**DATA FOR PROCESSING**
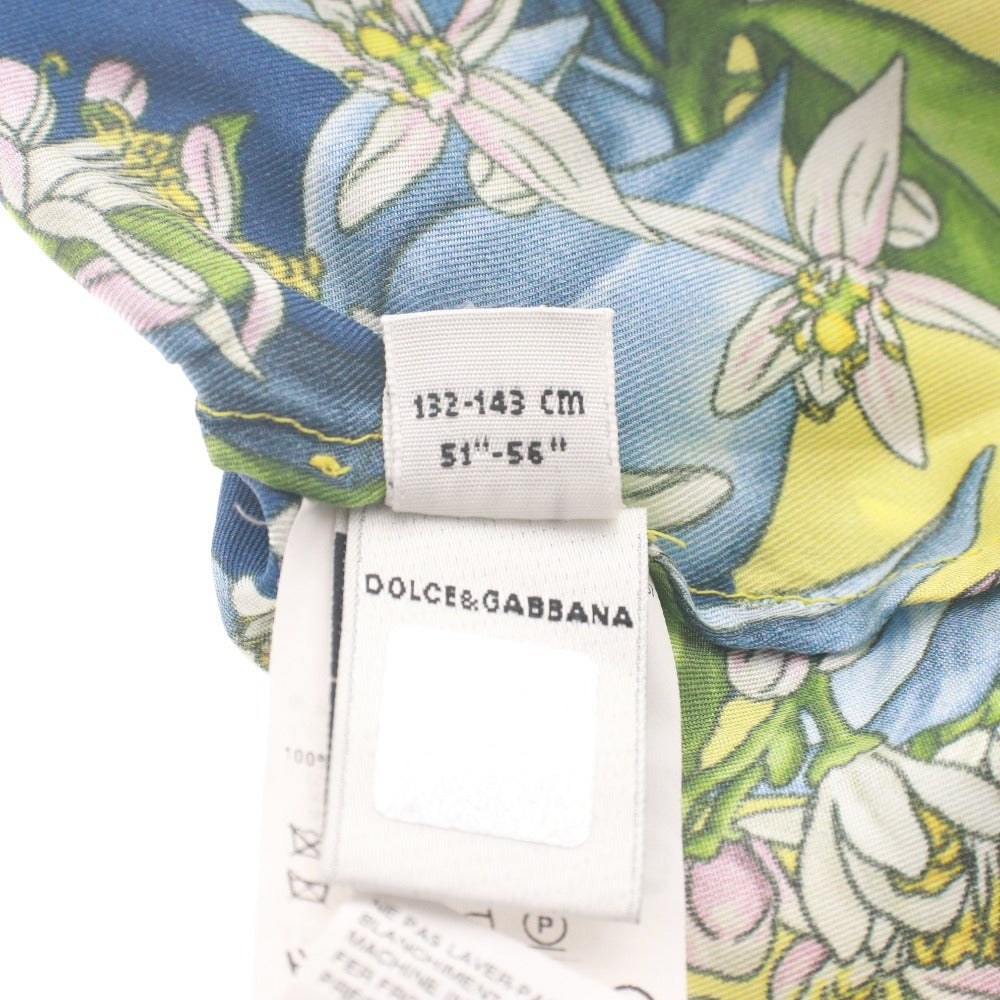 ■ ドルチェアンドガッバーナ DOLCE&GABBANA チュニック ノースリーブ トップス シルク 花 子供服 キッズ 9/10(132-143cm）マルチカラー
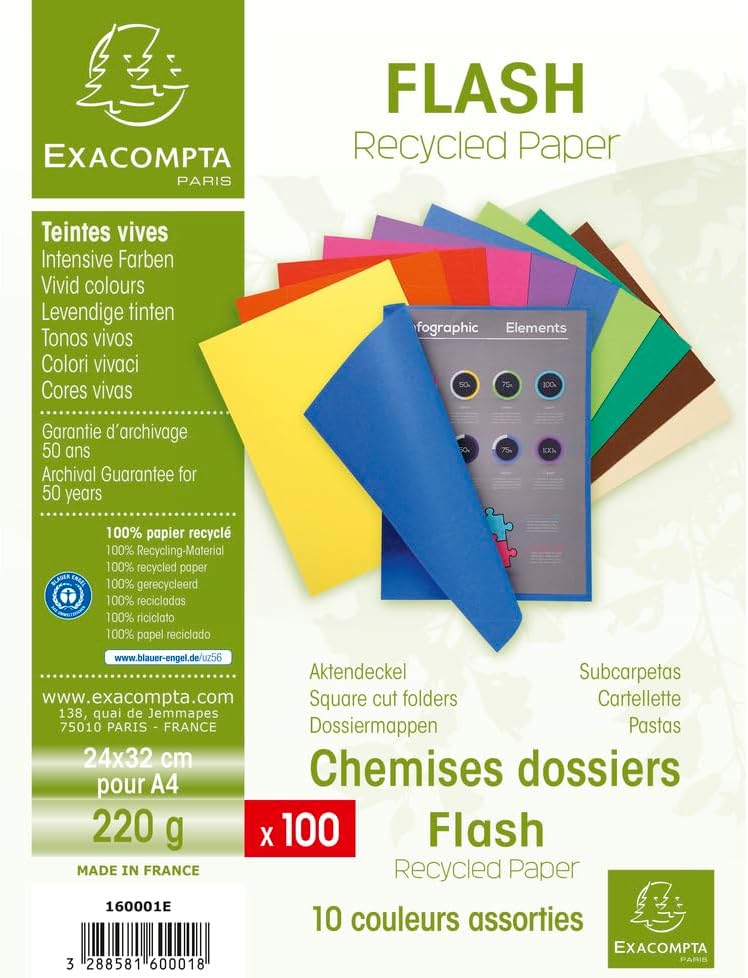 EXACOMPTA Aktenmappe ´Flash 220´, A4, Karton, farbig mehrfarbig, mehrfarbig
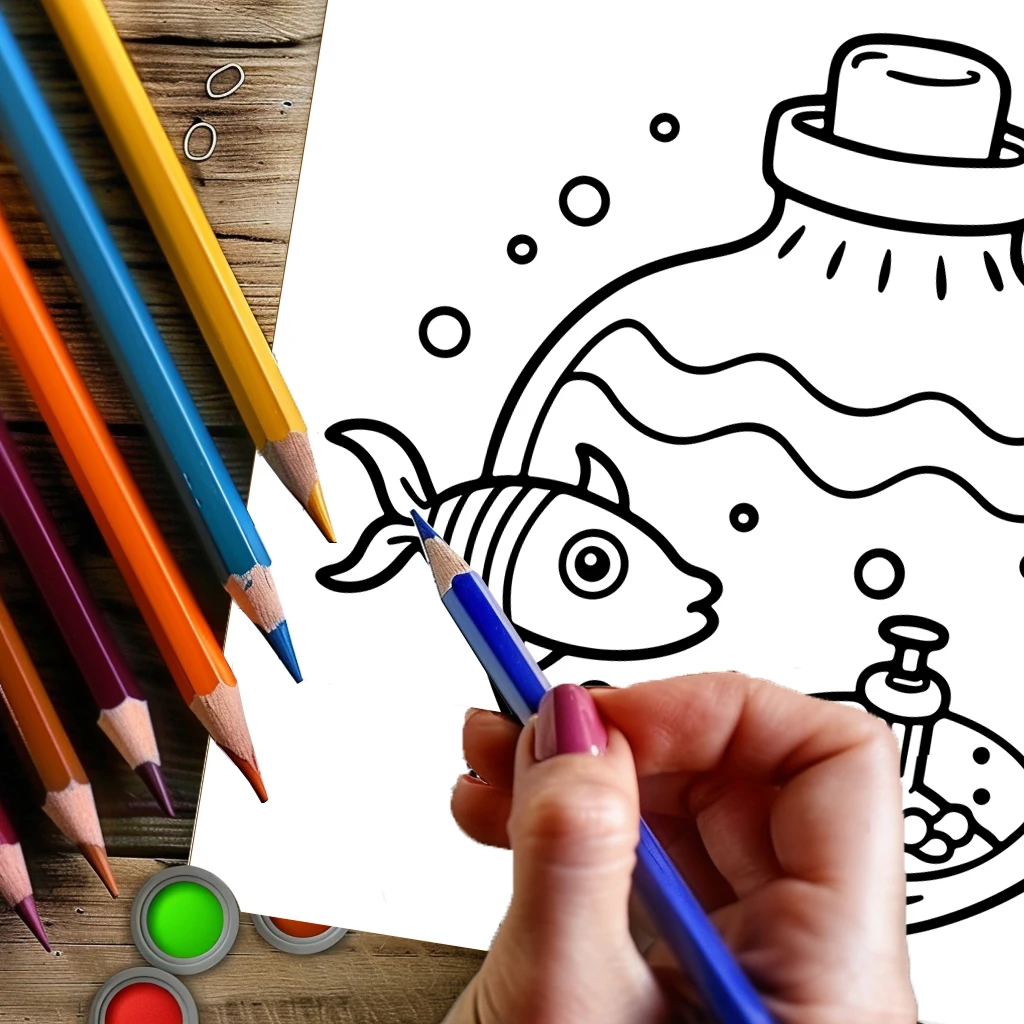 Coloring Book Magic Jar for Ad – обзор и цена Event Supplies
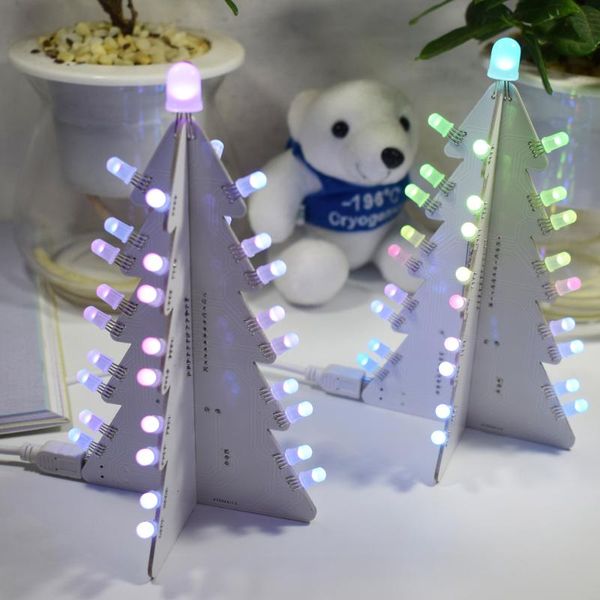 

diy light control full color led christmas tree light kit big size deskdecor _wk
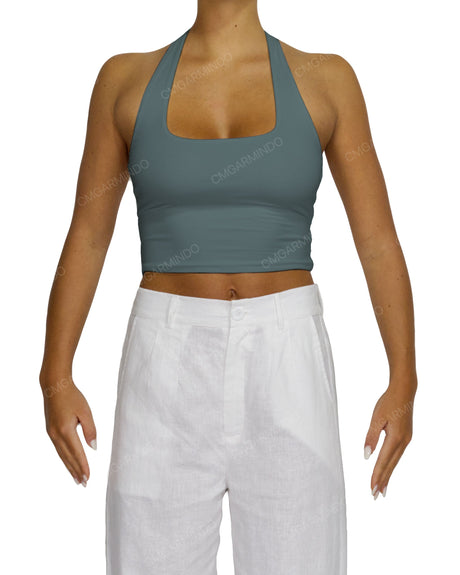 Square Neck Halter Top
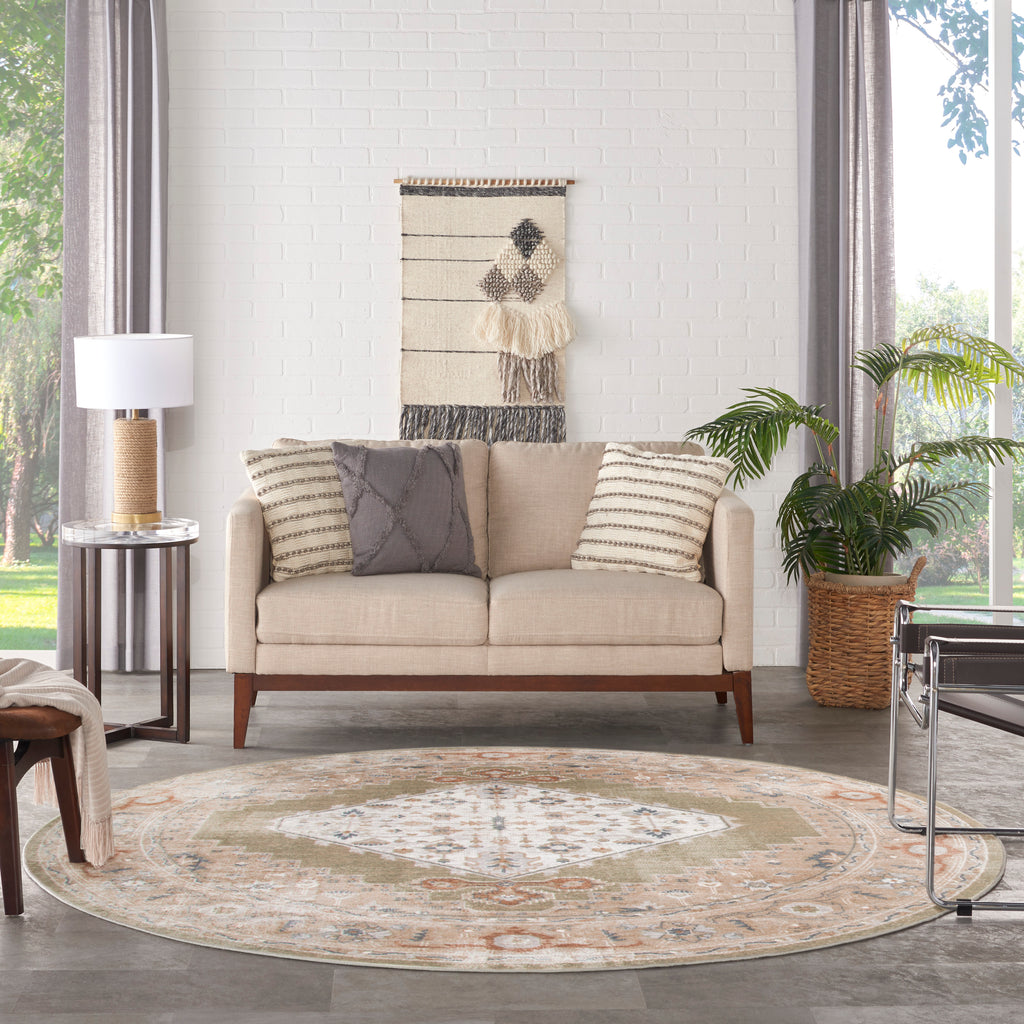 nourison astra machine washable asw11 sage multicolor rug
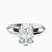 Eloise Solitaire Knife Edge Lab Diamond Engagement Ring in 10kt White Gold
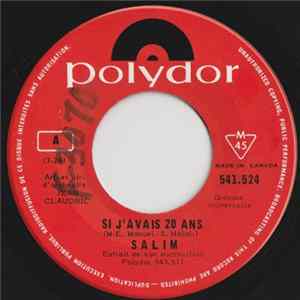 Salim - Si J'avais 20 Ans / C'est Le Bon Dieu Qui L'a Dit flac
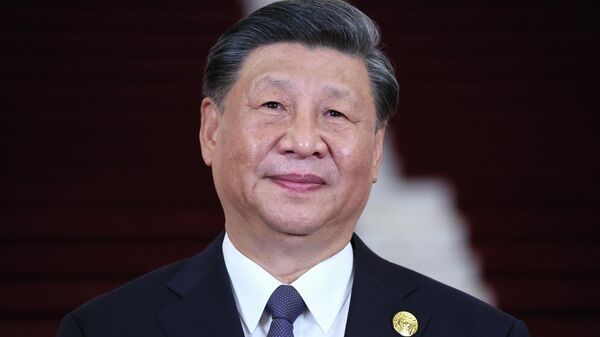 Кытай лидери Си Цзиньпин Пекинде өтүп жаткан жогорку деңгээлдеги Бир алкак — бир жол форумунда - Sputnik Кыргызстан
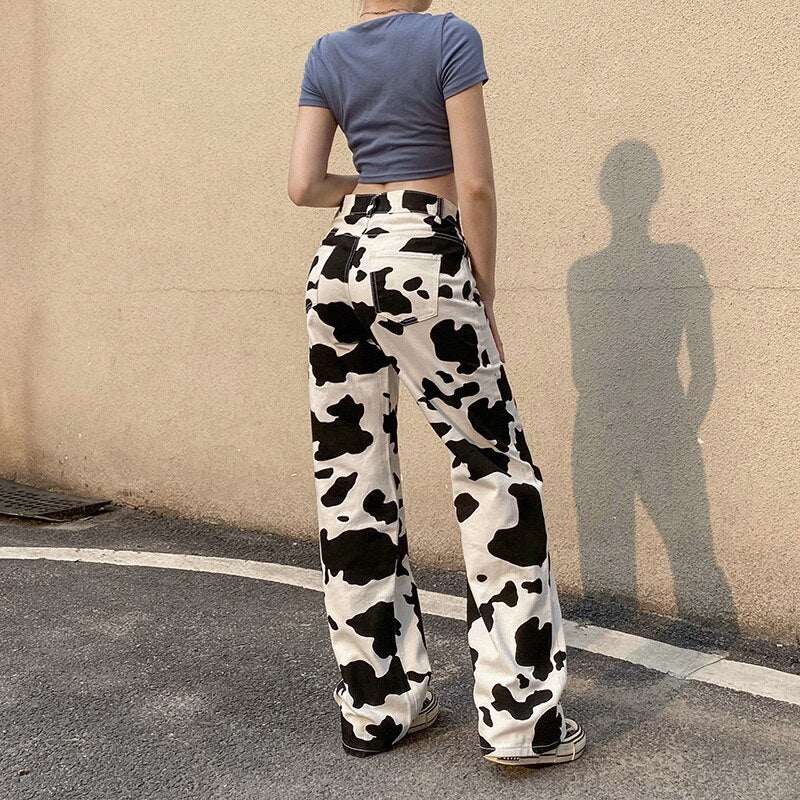 Cow Print Jeans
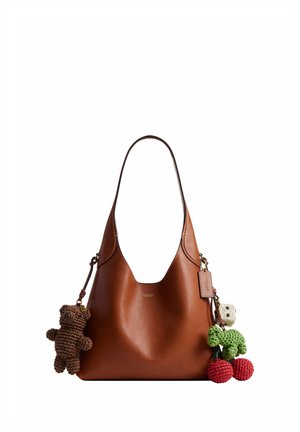 COACH, BROOKLYN SHOULDER BAG 28 WITH CHARMS - Borsa a mano - b amber brown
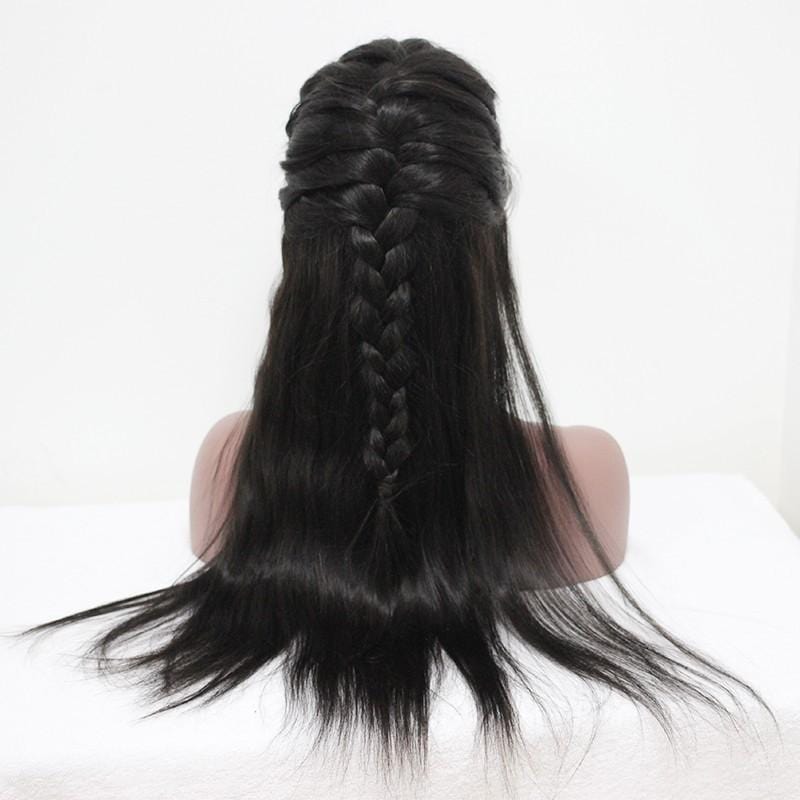 250% 13x6 Lace Front Wigs Human Hair Pre-Plucked Straight Long Wig-wigirlhair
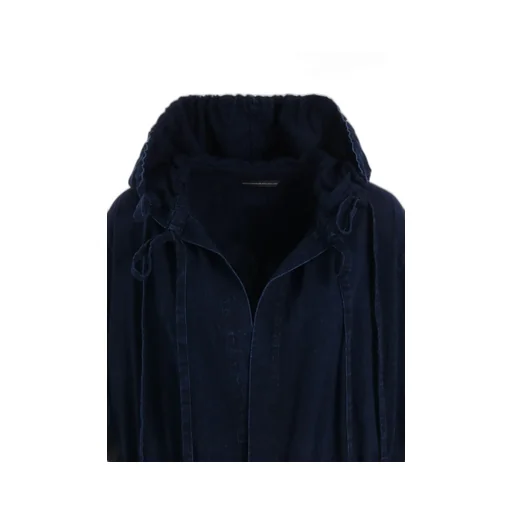 6Oz Bleached Denim Hoodie Coat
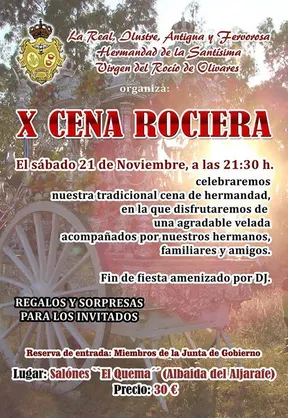 Olivares cena rociera 2015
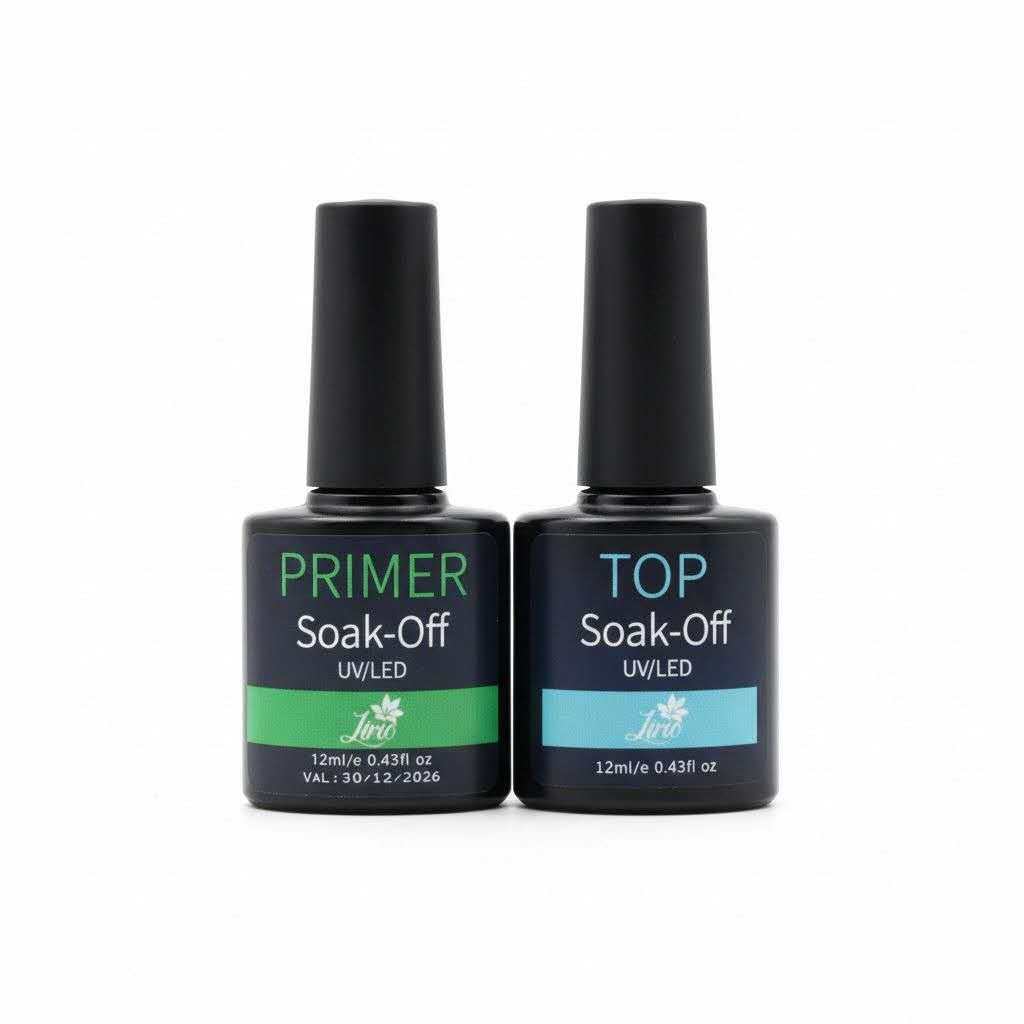 kit top coat e primer em gel 12ml - C&S BAZAR -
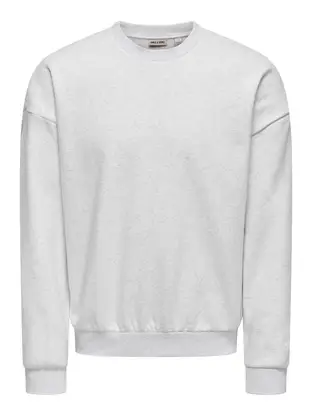 Only & Sons ONSCERES OVZ LS CREW SWEAT NOOS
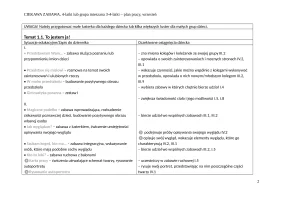 Plan pracy – wrzesień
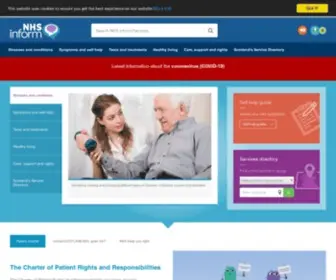 Nhsinform.scot(NHS inform) Screenshot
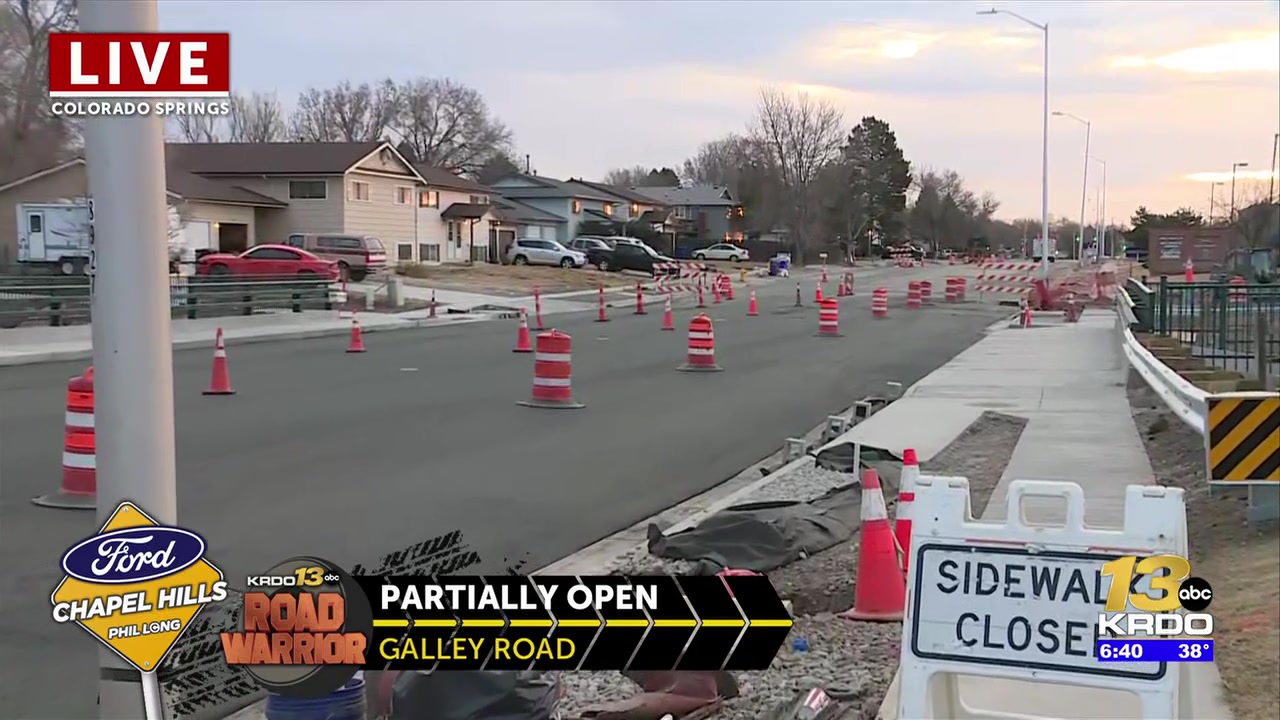 Galley Rd in Colorado Springs partially reopens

**EXERCISE GOAL**
Give back exactly the lines above from the one with "Salim - Si J'avais" through the one with "6Oz Bleached Denim Hoodie Coat", both included. Pictures don't belong in the copy.

**EXERCISE RESULT**
 Salim - Si J'avais 20 Ans / C'est Le Bon Dieu Qui L'a Dit flac
 Кытай лидери Си Цзиньпин Пекинде өтүп жаткан жогорку деңгээлдеги Бир алкак — бир жол форумунда - Sputnik Кыргызстан
 Cow Print Jeans
 COACH, BROOKLYN SHOULDER BAG 28 WITH CHARMS - Borsa a mano - b amber brown
 250% 13x6 Lace Front Wigs Human Hair Pre-Plucked Straight Long Wig-wigirlhair
 6Oz Bleached Denim Hoodie Coat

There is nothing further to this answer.